Swedish Coffee

All my life…I have been infatuated with all things Celtic…music, knots, crosses, accents, stories, movies, names… I love Ireland and Scotland. I would be open to living in either country. I search for clues to my Scottish ancestry…even though it’s such a small percentage of who I am…and hold out hope for that illusive Irish forefather who may or may not be mine.

And all my life…I have been half Swedish. I have a grandfather, on my father’s side, who is Swedish…descended from Johansons who came a couple of generations ago to find a new life and a new name in this land across the sea.

I have a grandmother, on my mother’s side, who was born in Sweden, and left her family there when she decided to come to the US in the 40’s. She still has a delightful Swedish accent, even after all these years.

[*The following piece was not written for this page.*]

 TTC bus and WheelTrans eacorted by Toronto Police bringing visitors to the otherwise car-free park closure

I think I have taken this Swedish heritage for granted. Perhaps because it’s been around me all my life. The dala horses on the shelf. The hand knitted sweaters that Mormor made for us kids…skills she was taught in school in Sweden when she was in the third grade. The rag rugs from her loom. Seems like we’ve always known that “Jag älskar dig” means “I love you”.

Lately though…spending more time with Mormor (mother’s mother) and reading my own mother’s genealogy research has opened my eyes and heart to all things Swedish. I’m not taking it for granted anymore. I am learning to appreciate…no, more than appreciate…I am learning to love this heritage of mine in all it’s Scandinavian glory. I want to grasp it. Learn it. Memorize it so that I can pass it along to the next generation…so that they can learn it, love it and pass it along.

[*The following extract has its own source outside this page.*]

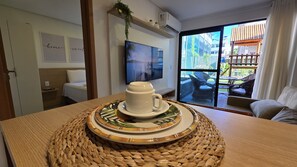 Una habitación con cama, televisión y ventana con vistas a mobiliario exterior.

Today was a beautiful day. Mormor and I had coffee with two other Swedish ladies this afternoon. The moment we stepped into M~’s door, it felt as if we were back in “the old country”. So many of her things were imported from Sweden when she moved here years ago. She has a loom, like my grandmother’s, and there are hand woven rugs and wall hangings that she has made all over her home. The beautiful tablecloth on the table was woven by this lovely Swedish woman.

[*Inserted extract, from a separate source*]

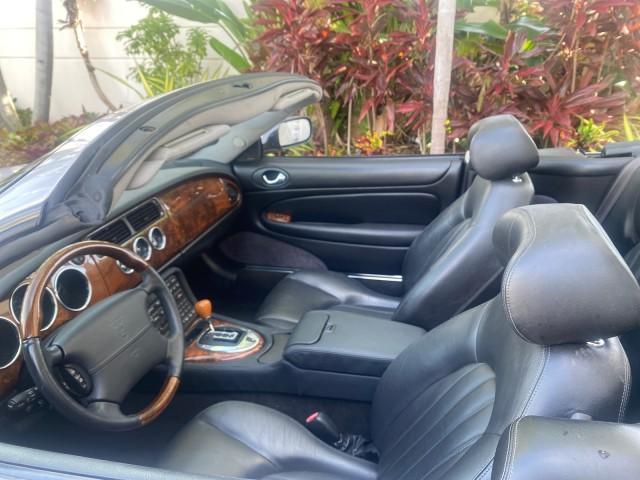 2004 Quartz /Charcoal Jaguar XK8 CONV LOW MILES 22,152 (SAJDA42CX42) with an 4.2L DOHC EFI 32-Valve Aluminum Alloy V8 Engine engine, Automatic transmission, located at 4701 North Dixie Hwy, Pompano Beach, FL, 33064, (954) 422-2889, 26.240938, -80.123474 - OUR WEBPAGE FLORIDACARS1.COM HAS OVER 100 PHOTOS AND FREE CARFAX LINK 2004 JAGUAR XK-SERIES XK8 $ 75,530 NEW VIN: SAJDA42CX42A37634 S A J D A 4 2 C X 4 2 A 3 7 6 3 4 CONVERTIBLE 4.2L V8 F DOHC GASOLINE REAR WHEEL DRIVE TOP WORKS GREAT! TIRES ARE LIKE NEW! Top Features Alloy Wheels Leather Seats Alpi - Photo#92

There was a simplicity and a reality in her decor that I found refreshing and welcoming.

M~ is a master gardener, and everywhere I looked there was greenery, bringing the outdoors inside…breathing life into the room.

She knits beautifully, as seen by the gorgeous throw on the couch. There were candle holders and Christmas decorations scattered about…but placed so neatly and artistically. So soothingly.

The table was set, simply and perfectly. The coffee was wonderfully delicious, with a bit of cream. There were four different kinds of cookies and breads that M~ had made herself…saffron bread molded into spiral ‘s’ shapes, a kind of bread full of hazelnuts and raisins, marzipan cookies and another hazelnut cookie. All of it incredibly delectable.

They speak Swedish to each other, these three Swedes, but to be polite when I am there they speak English…and then some Swedish..and then some English again. I wish they would speak more Swedish. I love to hear them. I love to sit there and just be with these women ~ these three brave women who left their homeland for different reasons and found each other here in the hills of Arkansas. These women who get together to speak their native language so that they won’t forget it because of disuse. Who bake traditional goodies for each other so that they can sit and enjoy and remember who they are and where they were from.

I love to hear them compare stories of their growing up years and share news from home. They love the US. They are grateful to be here and would not go back to live…but they love Sweden…and blue and yellow…and a language and heritage that I am learning more and more to love.

I feel so privileged to sit with these women. Perhaps I don’t technically belong…I was born here. I don’t speak their language. I am several decades younger than they are. But these three women make me feel that I am one of them. They show me much. They let me laugh with them. They tell me their stories. They teach me where I come from, and more of who I am. I love these times with these Swedish women. I love them.

NOTE: All of the pictures I used are by the Swedish artist Carl Larsson…another thing I love about Sweden! I’m including a slideshow of just a few of his works.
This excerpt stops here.